Background: Most critical care patients are considered high risk for hospital-acquired pressure injury (HAPrI) according to industry-standard assessment tools, such as the Braden Scale. Yet, accurately assessing HAPrI risk is critical for allocating preventive resources. Machine learning (ML) techniques have been used to create algorithms that have the potential to better identify high-risk critical care patients. This improved discrimination could result in a more efficient use of limited resources. In response to this need, the National Pressure Injury Advisory Panel's 2019 guidelines called for developing ML algorithms for HAPrI risk prediction that are easily interpretable by healthcare professionals.
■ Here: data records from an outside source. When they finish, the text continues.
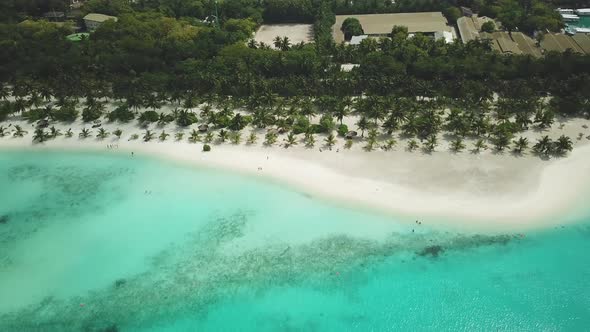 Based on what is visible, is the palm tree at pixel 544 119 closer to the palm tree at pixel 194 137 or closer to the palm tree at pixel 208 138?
the palm tree at pixel 208 138

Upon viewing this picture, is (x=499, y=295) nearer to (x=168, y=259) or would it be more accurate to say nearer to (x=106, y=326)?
(x=168, y=259)

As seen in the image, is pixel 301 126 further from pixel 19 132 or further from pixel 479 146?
pixel 19 132

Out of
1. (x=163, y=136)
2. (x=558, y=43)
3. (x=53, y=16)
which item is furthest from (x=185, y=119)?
(x=558, y=43)

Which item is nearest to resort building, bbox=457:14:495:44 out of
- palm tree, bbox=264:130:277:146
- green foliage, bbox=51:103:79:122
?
palm tree, bbox=264:130:277:146

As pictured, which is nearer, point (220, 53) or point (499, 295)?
point (499, 295)

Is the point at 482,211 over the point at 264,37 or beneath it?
beneath

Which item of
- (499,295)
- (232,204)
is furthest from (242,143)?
(499,295)

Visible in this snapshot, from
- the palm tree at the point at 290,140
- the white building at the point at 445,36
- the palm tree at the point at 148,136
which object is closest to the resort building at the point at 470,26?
the white building at the point at 445,36

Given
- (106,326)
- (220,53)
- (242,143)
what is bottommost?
(106,326) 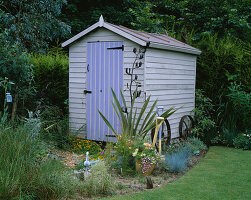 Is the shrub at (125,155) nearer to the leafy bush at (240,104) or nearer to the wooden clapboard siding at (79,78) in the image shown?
the wooden clapboard siding at (79,78)

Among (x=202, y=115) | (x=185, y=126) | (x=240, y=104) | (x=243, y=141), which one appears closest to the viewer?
(x=243, y=141)

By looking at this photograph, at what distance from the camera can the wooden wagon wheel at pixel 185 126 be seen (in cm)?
764

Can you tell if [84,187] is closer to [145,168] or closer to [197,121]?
[145,168]

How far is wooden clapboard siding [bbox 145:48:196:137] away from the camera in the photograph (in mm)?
6609

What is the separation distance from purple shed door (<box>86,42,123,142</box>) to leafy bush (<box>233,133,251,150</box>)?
304 centimetres

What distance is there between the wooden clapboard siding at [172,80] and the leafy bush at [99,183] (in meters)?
2.51

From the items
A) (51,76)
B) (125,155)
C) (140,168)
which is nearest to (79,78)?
(51,76)

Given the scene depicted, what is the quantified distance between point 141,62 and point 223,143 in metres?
3.33

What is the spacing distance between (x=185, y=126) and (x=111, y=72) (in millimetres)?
2613

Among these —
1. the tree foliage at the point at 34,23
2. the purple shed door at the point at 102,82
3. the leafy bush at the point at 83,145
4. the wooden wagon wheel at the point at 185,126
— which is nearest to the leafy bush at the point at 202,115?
the wooden wagon wheel at the point at 185,126

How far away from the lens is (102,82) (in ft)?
23.0

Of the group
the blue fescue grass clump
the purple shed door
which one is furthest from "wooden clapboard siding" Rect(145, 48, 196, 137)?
the blue fescue grass clump

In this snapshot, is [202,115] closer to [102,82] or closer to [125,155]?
[102,82]

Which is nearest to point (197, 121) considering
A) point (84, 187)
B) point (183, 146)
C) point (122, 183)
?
point (183, 146) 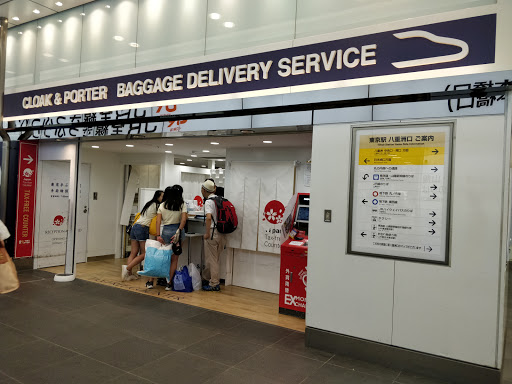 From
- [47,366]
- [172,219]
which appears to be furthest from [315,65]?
[47,366]

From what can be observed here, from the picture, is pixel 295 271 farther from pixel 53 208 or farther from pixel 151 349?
pixel 53 208

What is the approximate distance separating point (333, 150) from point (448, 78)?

Objectives: This research addresses the need for accurate, efficient, and clinically understandable HAPrI risk prediction algorithms using explainable artificial intelligence (XAI) to provide clinician-friendly HAPrI risk predictions.
Methods: For this study, we used Electronic Health Record (EHR) data from adult surgical and cardiovascular surgical Intensive Care Unit (ICU) patients to develop and test ML based algorithms to predict HAPrI. Along with evaluating the effectiveness of the models, we also used model-independent interpretation techniques to present the models in a manner that is easily understandable to humans.
Results: Our final sample consisted of 5,101 patients (split into 80:20 train:test sets). The sample was predominantly male (n = 3302, 65%) and White (n = 4256, 83%). The mean age was 58 years (SD = 17), and HAPrI developed among 333 patients (6.5%). The predictions made by three ML models (extreme gradient boosted machines, random forests, and logistic regression) were similar in performance when evaluated on the test data (AUC range: 0.80-0.81; F1 range: 0.28-0.33). However, using model-agnostic interpretation methods, we observed differences in the importance of variables, individual conditional expectations, and local effect fluctuations. Thus, while the models had similar performance, they used different variables and could predict different outcomes for clinically similar patients.
Conclusions: Leveraging existing EHR data to create risk algorithms enables near-real-time risk assessment and reduces the need for redundant charting. Using XAI techniques, we gained insight into how specific features within the model affected HAPrI formation. The increased transparency will allow clinicians to gain insight into the algorithm’s decision-making at the patient level, which is essential for enhancing trust. In the future, XAi may also facilitate collaboration between clinicians and data scientists to improve algorithms through expert-augmented ML.